Here is what I've thought about:
First of all, since $\sigma(1)=1$, then necessarily $\sigma(a)=a \,\,\,\forall a\in \mathbb{Z}$ and $\sigma(b^{-1})=b^{-1} \,\,\,\forall b\in \mathbb{Z}-\{0\}$, so $\sigma(a/b)=a/b \Rightarrow \sigma$ fixes $\mathbb{Q}$, i.e., $\sigma$ is a $\mathbb{Q}$-homomorphism.
Let $m$ the number of homomorphisms we are looking for. It is easy to see that $L$ is generated by $\{1, 5^{1/3}, 5^{2/3}\}$ as a $\mathbb{Q}$-vector space, so $[L:\mathbb{Q}]=3$. The extension is separable, since $5^{1/3}$ is clearly separable in $\mathbb{Q}$, so that means $m=3$.
Since the extension is not normal ($\mathbb{Q}(5^{1/3})$ is not a splitting field of $\mathbb{Q}$), we have $|\text{Aut}(L|\mathbb{Q})|<m$.
Since $\text{Aut}(L|\mathbb{Q})$ has only two elements (the identity and the permutation of $5^{1/3}$ and $5^{2/3}$), which are homomorphisms, this means I'm supposed to look for one last homomorphism, which is not an automorphism.

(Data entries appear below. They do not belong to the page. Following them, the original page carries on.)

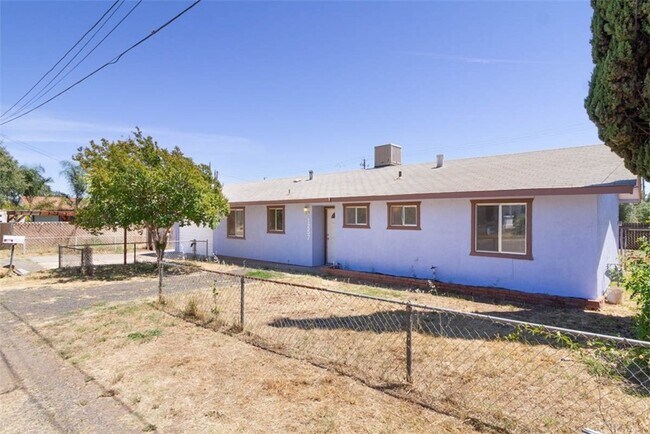 Foto del edificio - 1257 Rosekrans Dr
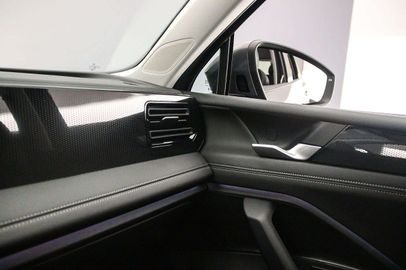 Car image 32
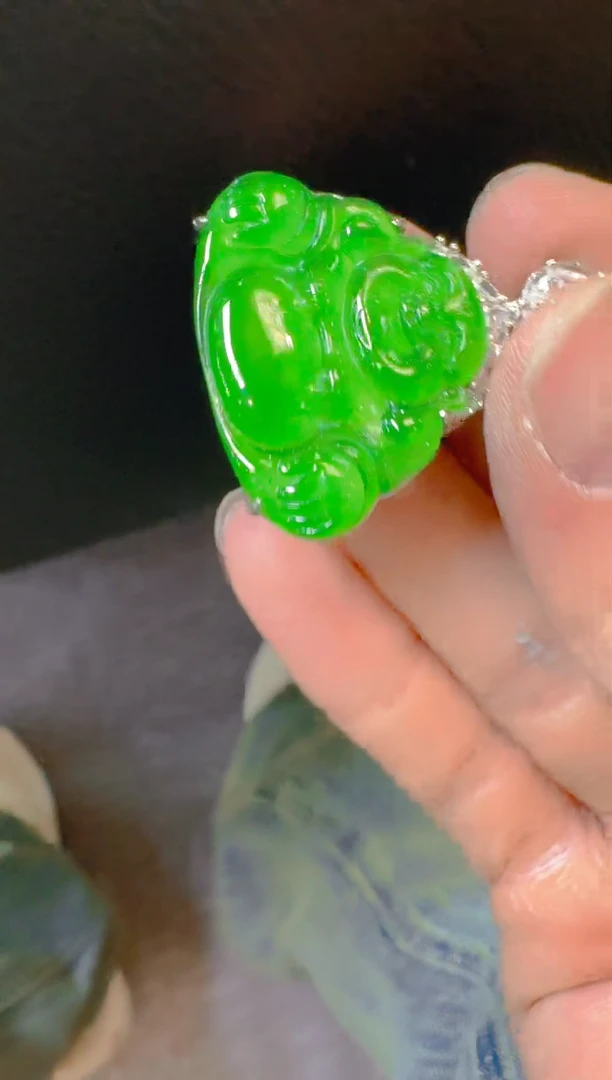 吊坠(赠链)银S925镶嵌翡翠天然A货翡翠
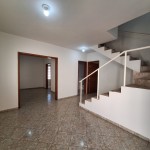 SOBRADO BENEFICIADO COM 03 DORMITÓRIOS - VILA NOVA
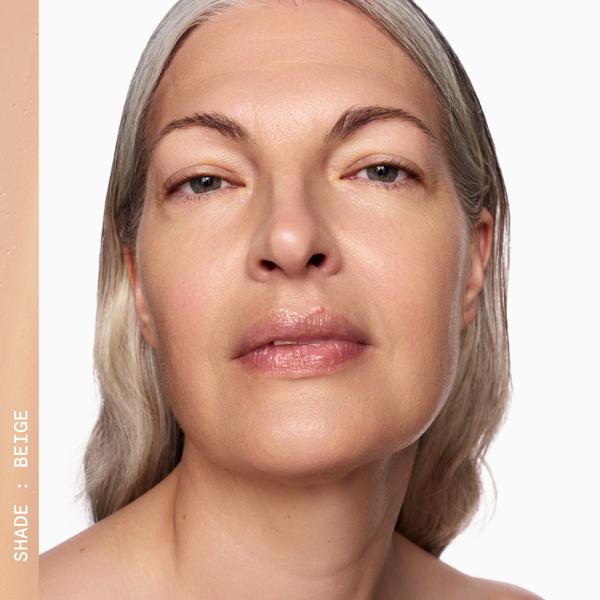EVERYDAY_GREAT_SKIN_HYALURONIC_BLUR_CONCEALER_BEIGE_190194_PDP_ECOM_1X1_MODEL_CROP_2025_WEB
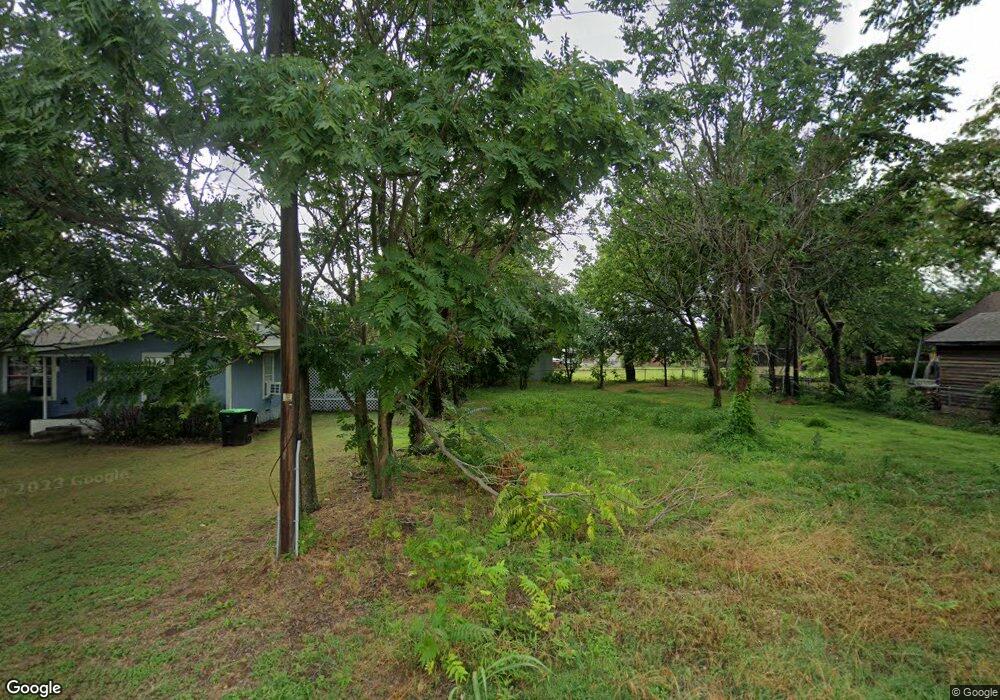 205 S Oak St, Boyd, TX 76023 - photo 1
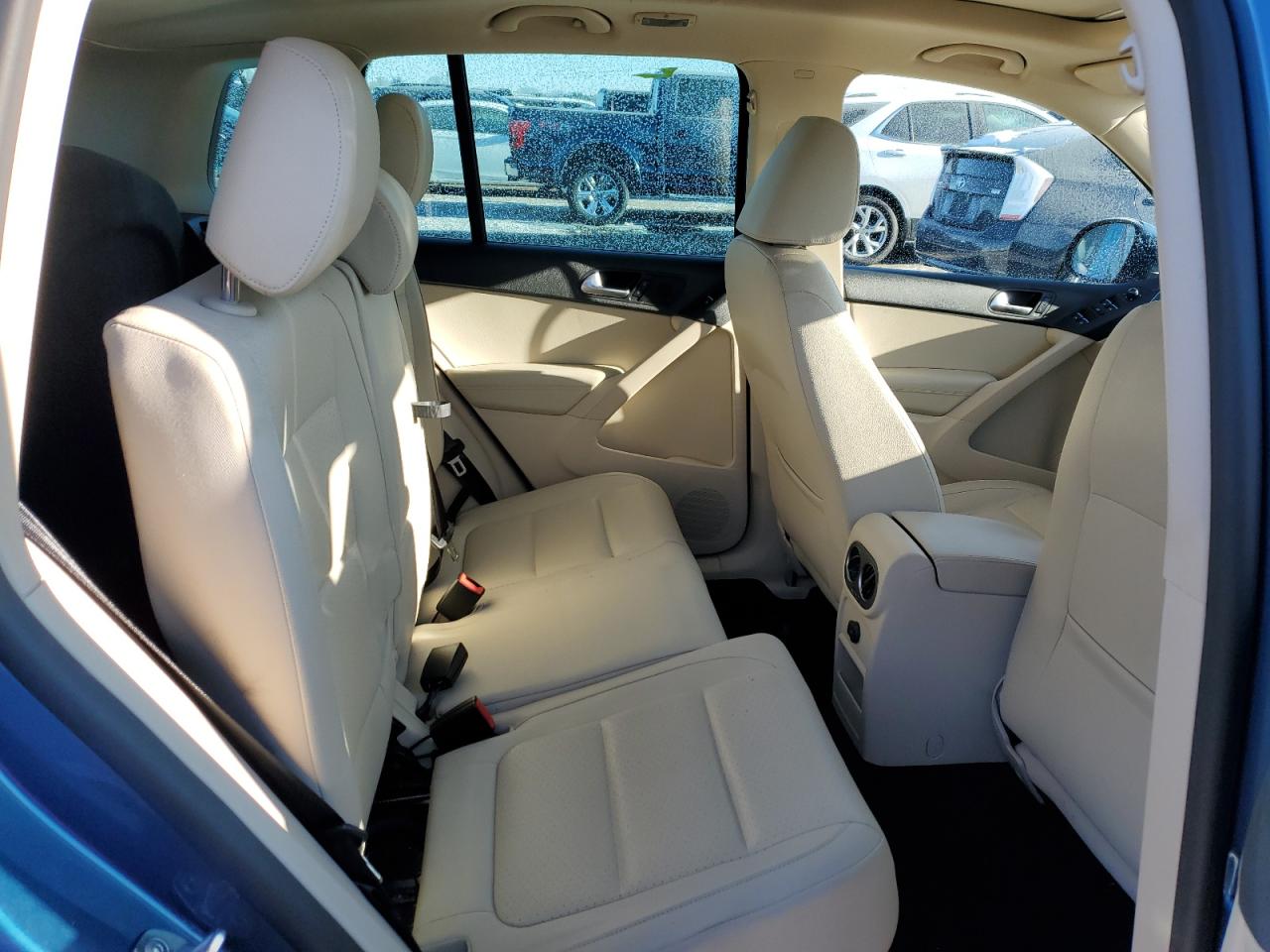 2017 Volkswagen Tiguan - Image 10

Now I'm stuck because I don't know where to look for that one.
Any ideas? Thank you!
Notice that $\Bbb Q (\sqrt[3] 5) = \Bbb Q [\sqrt[3] 5]$ because $\sqrt[3] 5$ is obviously algebraic over $\Bbb Q$, so you have to study where to send an abstract element $a + b \sqrt[3] 5$. Since you've shown that such a morphism fixes $\Bbb Q$, it remains to study where to send $\sqrt[3] 5$.
Notice, on the other hand, that if $\sigma$ is such a morphism, then $\sigma(\sqrt[3] 5) ^3 = \sigma(\sqrt[3] 5 ^3) = \sigma(5) = 5$, so $\sigma(\sqrt[3] 5)$ may be any of the three roots of $x^3 - 5 = 0$.
This means that there are three possibilities for $\sigma$, indexed by the three roots of $x^3 - 5 = 0$: if $r$ is any such root, then $\sigma(a + b \sqrt[3] 5) = a + br$.